But as all proved in vain, mercy at length gave place to judgment, according to
the principle common alike to all dispensations: 'He that, being often
reproved, hardeneth his neck, shall be suddenly destroyed, and that without
remedy;' and, ‘Where the carcase is, there will the eagles be gathered together.'
In plain terms, whenever iniquity has reached its last stage, the judgment of
Heaven is at hand. This principle was as strikingly exemplified in the case of
the Jews after our Lord's appearing, as in the case of these Canaanites before.

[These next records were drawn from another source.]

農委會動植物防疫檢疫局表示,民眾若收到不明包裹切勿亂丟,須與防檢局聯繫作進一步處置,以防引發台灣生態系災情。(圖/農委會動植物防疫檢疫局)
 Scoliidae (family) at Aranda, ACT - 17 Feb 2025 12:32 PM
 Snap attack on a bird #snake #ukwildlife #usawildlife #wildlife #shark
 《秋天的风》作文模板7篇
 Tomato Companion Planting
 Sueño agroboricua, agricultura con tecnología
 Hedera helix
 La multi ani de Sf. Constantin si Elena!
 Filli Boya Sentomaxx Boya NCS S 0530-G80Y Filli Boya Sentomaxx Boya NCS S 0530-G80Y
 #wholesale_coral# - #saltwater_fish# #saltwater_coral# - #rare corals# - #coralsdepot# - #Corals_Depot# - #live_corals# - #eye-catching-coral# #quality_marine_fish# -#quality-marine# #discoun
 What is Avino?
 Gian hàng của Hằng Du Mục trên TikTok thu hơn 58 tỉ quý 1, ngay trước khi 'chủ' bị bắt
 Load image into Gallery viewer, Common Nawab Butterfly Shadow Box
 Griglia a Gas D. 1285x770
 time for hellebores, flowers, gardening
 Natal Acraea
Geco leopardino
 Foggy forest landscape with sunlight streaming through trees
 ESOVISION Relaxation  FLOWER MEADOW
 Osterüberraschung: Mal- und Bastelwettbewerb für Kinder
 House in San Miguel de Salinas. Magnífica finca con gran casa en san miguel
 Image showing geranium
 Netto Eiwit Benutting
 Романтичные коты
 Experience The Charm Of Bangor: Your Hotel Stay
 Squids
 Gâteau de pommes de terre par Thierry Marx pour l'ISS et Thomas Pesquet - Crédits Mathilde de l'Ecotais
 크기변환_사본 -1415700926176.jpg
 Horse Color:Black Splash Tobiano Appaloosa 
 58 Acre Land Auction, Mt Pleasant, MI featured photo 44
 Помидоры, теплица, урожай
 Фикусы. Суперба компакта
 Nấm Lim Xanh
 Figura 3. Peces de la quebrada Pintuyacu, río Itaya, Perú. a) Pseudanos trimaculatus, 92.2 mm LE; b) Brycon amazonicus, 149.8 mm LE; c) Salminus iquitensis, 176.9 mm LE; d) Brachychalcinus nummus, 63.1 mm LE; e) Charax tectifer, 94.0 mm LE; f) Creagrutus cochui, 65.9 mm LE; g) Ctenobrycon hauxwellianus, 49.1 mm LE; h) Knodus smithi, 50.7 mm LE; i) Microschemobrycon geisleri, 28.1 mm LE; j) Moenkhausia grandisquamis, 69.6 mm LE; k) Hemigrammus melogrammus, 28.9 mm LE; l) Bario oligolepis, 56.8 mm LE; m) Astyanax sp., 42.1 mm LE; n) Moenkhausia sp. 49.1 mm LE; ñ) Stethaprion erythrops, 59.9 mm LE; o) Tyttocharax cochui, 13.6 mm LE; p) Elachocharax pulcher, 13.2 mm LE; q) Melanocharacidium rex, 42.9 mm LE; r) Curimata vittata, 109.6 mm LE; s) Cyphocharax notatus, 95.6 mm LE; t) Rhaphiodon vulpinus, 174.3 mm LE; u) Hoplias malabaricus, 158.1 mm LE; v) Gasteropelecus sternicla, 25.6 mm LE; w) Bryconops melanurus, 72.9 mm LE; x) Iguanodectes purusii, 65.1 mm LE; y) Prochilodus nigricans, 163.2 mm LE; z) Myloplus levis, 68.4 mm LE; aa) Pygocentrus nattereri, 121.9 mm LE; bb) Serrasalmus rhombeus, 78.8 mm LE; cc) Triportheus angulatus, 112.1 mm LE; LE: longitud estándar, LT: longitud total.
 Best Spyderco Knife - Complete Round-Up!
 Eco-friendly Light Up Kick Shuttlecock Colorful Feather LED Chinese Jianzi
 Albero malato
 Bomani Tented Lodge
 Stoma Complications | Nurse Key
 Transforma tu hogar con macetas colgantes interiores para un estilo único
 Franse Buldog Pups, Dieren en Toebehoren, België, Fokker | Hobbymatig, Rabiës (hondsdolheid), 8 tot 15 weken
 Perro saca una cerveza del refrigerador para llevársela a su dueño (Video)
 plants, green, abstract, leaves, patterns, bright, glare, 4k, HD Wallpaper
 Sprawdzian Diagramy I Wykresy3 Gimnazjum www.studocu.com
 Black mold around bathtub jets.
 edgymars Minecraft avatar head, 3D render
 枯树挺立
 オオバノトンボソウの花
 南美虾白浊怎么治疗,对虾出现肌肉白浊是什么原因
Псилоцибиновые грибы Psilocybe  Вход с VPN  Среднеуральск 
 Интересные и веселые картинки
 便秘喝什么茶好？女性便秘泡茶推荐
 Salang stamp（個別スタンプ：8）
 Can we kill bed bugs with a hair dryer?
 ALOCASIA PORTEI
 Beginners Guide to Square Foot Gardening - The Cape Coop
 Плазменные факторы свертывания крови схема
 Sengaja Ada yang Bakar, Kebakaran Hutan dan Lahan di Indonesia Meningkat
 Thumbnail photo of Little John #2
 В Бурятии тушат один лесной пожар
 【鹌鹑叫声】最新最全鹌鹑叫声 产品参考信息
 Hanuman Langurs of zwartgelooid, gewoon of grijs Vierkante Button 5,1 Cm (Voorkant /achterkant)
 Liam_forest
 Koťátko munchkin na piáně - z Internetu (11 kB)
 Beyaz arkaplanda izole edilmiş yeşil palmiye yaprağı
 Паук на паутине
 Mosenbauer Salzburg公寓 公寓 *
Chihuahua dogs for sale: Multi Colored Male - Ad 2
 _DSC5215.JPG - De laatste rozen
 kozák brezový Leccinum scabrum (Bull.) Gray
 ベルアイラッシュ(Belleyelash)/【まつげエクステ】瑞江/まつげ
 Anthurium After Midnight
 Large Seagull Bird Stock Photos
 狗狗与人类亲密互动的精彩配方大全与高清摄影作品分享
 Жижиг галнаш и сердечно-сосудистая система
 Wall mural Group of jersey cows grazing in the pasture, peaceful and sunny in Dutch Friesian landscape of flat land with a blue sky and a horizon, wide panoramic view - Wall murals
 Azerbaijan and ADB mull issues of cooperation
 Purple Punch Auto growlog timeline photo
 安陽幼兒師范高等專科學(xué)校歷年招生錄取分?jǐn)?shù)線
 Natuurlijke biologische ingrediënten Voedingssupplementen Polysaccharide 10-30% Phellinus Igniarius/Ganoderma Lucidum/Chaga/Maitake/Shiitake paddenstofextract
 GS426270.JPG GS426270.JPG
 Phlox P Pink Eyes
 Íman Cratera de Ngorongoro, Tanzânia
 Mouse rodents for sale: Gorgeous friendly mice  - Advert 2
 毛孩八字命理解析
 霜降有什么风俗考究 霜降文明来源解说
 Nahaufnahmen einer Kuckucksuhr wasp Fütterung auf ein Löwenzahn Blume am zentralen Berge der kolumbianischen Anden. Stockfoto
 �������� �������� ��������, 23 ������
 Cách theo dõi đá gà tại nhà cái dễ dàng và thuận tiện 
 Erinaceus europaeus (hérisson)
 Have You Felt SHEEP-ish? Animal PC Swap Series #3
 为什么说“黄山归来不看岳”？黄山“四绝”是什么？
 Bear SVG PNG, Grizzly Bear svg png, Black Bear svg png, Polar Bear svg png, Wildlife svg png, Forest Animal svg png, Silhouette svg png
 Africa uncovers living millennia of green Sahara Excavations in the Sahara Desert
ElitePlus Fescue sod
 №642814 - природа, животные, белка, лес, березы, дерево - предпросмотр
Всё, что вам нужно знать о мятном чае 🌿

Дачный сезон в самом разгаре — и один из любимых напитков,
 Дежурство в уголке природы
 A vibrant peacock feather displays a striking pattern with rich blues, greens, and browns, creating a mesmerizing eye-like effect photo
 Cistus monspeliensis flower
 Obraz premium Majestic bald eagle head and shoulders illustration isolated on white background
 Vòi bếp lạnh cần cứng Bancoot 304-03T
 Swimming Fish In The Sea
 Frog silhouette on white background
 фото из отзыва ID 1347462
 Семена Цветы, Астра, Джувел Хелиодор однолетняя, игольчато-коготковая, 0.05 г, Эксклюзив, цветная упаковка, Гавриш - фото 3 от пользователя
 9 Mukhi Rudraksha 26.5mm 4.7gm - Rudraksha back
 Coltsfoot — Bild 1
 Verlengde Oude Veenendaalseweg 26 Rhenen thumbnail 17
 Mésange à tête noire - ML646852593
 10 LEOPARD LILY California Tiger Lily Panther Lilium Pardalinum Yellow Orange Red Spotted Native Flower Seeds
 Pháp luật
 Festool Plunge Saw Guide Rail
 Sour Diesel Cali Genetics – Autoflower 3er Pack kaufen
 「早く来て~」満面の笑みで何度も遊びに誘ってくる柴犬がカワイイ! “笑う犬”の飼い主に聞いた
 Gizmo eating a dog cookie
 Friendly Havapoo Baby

In the parables of the barren fig-tree and the wicked husbandmen in the
vineyard, the same place is assigned it in the Christian dispensation which it
formerly held in the Jewish. And in the experience of all who, despite of
merciful invitations and solemn threatenings, perish from the way of life, it
must find an attestation so much more appalling than the one now referred to,
as a lost eternity exceeds in evil the direst calamities of time. In fine, the
very same may be said of the objections brought against the destruction of the
Canaanites, which was said by Richard Baxter of many of the controversies
started in his day: ‘The true root of all the difference is, whether there be a
God and a life to come.' Grant only a moral government and a time of retribution,
and such cases as those under consideration become not only just, but
necessary.
2. Again, let the judgment executed upon the
Canaanites be viewed in respect to the instruments employed in enforcing it —
the Israelites — and in this aspect also nothing will be found in it at
variance with the great principles of truth and righteousness. The Canaanites,
it is to be understood, in this view of the matter, deserved destruction, and
were actually doomed to it by a divine sentence. But must not the execution of
such a sentence by the hand of the Israelites have tended to produce a
hardening effect upon the minds of the conquerors? Was it not fitted to lead
them to regard themselves as the appointed executors of Heaven's vengeance,
wherever they themselves might deem this to be due, and to render their example
a most dangerous precedent for every wild enthusiast who might choose to allege
a commission from Heaven to pillage and destroy his fellow-men? Charges of this
description have not infrequently been advanced; but they evidently proceed on
the tacit assumption that there was in reality no doom of Heaven pronounced against
the Canaanites, and no special commission given to the Israelites to execute it
— this ignoring one part of the sacred narrative for the purpose of throwing
discredit on another. Or it is implied that God must be debarred from carrying
on His administration in such a way as may best suit the ends of divine wisdom,
because human fraud or folly may take encouragement from thence to practise an
unwarranted and improper imitation.
Thoughts of this description carry their own
refutation along with them. The commission given to the Israelites was limited to
the one task of sweeping the land of Canaan of its original occupants. But this
manifestly conferred on them no right to deal out the same measure of severity
to others; and so far from creating a thirst for human blood, in cases where
they had no authority to shed it, they even fainted in fulfilling their commission
to extirpate the people of Canaan. This, however, is only the negative side of
the question; and viewed in another and more positive aspect, the employment of
the Israelites to execute this work of judgment was eminently calculated to produce
a salutary impression upon their minds, and to promote the ends for which the
judgment was appointed. For what could be conceived so thoroughly fitted to
implant in their hearts an abiding conviction of the evil of idolatry and its foul
abominations — to convert their abhorrence of these into a national, permanent
characteristic — as their being obliged to enter on their settled inheritance
by a terrible infliction of judgment upon its former occupants for polluting it
with such enormities? Thus the very foundations of their national existence
raised a solemn warning against defection from the pure worship of God; and the
visitation of divine wrath against the ungodliness of men accomplished by their
own hands, and interwoven with the records of their history at its most
eventful period, stood as a perpetual witness against them, if they should ever
turn aside to folly. Happy had it been for them, if they had been as careful to
remember the lesson as God was to have it suitably impressed upon their minds.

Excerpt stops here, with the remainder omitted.